Hmmm...the OpenACS 4 tree implementation uses BIT VARYING for the key.
The first 128 immediate children of a node have a one-byte key (leading
0 and 7 bits for the key), the next 2 billionish immediate children have
four-byte keys (leading 1 and 31 bits for the key). After that you get
no more immediate children but two billion plus seems sufficient!
Many trees have no nodes with more than 128 immediate children, of
course, so these always have keys with one byte per level. Being able
to handle essentially "infinitely flat" trees without intervention is
awfully nice, though.
Using "between" and a simple set of functions you can get btree-indexed
access to all subtrees. Getting the set of parents for a node is a bit
more tricky - we use a recursive SQL function to build the set of parent
keys. This is almost clean using CREATE OR REPLACE in PG 7.2 - you
first define the function with a dummy body, then do the C OR R with the
real body. The C OR R allows you to recursively reference the function
since it was previously defined with a dummy body ...
If you want to grab the subtree and spit out the rows in order (as in
grabbing rows to display a folder/file style hierarchy) a simple "order
by" on the key works, and there's a "treelevel()" function that can be
used to drive indention.
This has been well-tested on a handful of OpenACS 4/PG production
websites and gives fast, indexed, tree operations.

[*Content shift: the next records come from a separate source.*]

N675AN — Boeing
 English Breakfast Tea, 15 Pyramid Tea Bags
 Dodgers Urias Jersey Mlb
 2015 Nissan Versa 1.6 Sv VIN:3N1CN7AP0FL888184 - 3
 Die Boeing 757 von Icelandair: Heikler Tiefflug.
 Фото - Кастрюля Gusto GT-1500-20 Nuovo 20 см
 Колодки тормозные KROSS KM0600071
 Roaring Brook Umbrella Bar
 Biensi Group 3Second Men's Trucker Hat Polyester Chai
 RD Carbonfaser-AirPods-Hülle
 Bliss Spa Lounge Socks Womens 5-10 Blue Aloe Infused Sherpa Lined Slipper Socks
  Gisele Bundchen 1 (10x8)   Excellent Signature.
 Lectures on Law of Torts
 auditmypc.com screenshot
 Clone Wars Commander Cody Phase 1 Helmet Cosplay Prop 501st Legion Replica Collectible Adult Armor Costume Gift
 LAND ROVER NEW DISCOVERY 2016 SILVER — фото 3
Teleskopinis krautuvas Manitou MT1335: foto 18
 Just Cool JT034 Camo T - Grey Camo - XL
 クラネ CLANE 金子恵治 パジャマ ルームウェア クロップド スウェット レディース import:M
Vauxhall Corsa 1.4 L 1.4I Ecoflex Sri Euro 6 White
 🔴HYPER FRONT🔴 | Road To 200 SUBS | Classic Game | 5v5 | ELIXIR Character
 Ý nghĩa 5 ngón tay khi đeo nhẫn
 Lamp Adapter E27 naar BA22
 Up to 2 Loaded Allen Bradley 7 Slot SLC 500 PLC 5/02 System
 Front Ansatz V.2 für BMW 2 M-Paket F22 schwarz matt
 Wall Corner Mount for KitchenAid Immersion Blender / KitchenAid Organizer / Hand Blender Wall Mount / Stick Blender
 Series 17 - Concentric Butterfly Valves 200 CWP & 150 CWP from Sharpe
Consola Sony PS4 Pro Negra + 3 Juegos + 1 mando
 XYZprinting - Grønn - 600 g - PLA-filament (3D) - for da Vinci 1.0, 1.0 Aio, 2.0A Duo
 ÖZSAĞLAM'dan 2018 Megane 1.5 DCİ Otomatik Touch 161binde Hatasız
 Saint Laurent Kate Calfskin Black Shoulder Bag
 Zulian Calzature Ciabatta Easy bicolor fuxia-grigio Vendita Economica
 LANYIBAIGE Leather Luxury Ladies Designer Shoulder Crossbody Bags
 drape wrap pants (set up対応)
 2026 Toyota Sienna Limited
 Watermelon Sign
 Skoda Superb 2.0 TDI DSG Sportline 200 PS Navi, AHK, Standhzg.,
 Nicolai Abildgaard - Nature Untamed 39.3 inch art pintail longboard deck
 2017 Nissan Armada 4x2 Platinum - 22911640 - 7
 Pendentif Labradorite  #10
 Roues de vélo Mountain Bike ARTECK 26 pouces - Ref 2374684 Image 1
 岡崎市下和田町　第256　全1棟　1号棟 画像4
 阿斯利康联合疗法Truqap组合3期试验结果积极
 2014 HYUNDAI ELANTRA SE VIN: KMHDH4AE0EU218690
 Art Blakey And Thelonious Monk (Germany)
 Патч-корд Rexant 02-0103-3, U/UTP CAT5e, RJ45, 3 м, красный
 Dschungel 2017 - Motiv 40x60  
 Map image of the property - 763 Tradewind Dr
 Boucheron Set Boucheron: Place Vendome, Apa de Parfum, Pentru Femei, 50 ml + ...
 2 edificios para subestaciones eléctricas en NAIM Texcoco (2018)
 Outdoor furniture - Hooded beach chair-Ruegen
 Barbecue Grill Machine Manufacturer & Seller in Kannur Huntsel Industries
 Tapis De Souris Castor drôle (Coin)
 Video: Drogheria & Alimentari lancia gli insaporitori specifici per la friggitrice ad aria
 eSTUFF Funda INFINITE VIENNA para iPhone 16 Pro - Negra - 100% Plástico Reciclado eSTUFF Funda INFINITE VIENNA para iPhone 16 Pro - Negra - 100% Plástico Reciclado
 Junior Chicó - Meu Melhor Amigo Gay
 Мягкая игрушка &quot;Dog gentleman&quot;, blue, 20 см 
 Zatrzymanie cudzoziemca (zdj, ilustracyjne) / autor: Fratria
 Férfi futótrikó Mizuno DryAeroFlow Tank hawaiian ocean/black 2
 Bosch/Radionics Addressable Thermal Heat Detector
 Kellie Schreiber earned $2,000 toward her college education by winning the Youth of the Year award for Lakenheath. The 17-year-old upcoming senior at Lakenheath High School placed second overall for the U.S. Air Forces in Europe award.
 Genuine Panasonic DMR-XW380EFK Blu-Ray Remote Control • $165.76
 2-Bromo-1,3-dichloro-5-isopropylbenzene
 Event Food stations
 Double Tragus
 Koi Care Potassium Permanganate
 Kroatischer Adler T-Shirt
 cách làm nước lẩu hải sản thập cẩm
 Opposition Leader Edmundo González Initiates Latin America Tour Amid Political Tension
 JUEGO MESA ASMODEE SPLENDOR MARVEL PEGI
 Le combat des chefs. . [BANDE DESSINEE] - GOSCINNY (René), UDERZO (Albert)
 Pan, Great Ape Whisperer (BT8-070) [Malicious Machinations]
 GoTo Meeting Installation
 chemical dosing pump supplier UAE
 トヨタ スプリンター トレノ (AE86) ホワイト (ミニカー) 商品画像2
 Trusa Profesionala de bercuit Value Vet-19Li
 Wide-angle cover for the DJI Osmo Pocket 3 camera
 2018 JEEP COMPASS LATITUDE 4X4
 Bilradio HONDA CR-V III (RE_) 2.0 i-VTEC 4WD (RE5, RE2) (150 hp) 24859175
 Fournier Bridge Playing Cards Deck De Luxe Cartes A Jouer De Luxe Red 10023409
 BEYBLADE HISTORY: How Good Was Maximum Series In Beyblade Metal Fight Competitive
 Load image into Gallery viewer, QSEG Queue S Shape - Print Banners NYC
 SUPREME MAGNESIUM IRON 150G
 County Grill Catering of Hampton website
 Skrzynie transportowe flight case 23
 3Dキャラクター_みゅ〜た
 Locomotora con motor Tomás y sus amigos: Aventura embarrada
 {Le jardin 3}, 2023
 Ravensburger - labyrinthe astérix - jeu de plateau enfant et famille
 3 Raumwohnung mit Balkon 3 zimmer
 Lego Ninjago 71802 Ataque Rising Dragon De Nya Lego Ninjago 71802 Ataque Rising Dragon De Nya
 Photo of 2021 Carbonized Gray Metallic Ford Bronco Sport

I had looked at doing something like Oleg's describing but fell upon BIT
VARYING and the fact that byte-aligned/byte-multiple lengthed bit
strings are handled efficiently internally (having source to your RDBMS
is so nice at times). The advantage of this is that no non-standard
type, operators for indexing, etc need to be added to PG. There are
just some PL/pgSQL functions and triggers on the tree table (to build
the keys on insert/update).
When I find some time I thought I'd bundle this up and make it available
separately but at the moment you have to grab the OpenACS 4 tarball.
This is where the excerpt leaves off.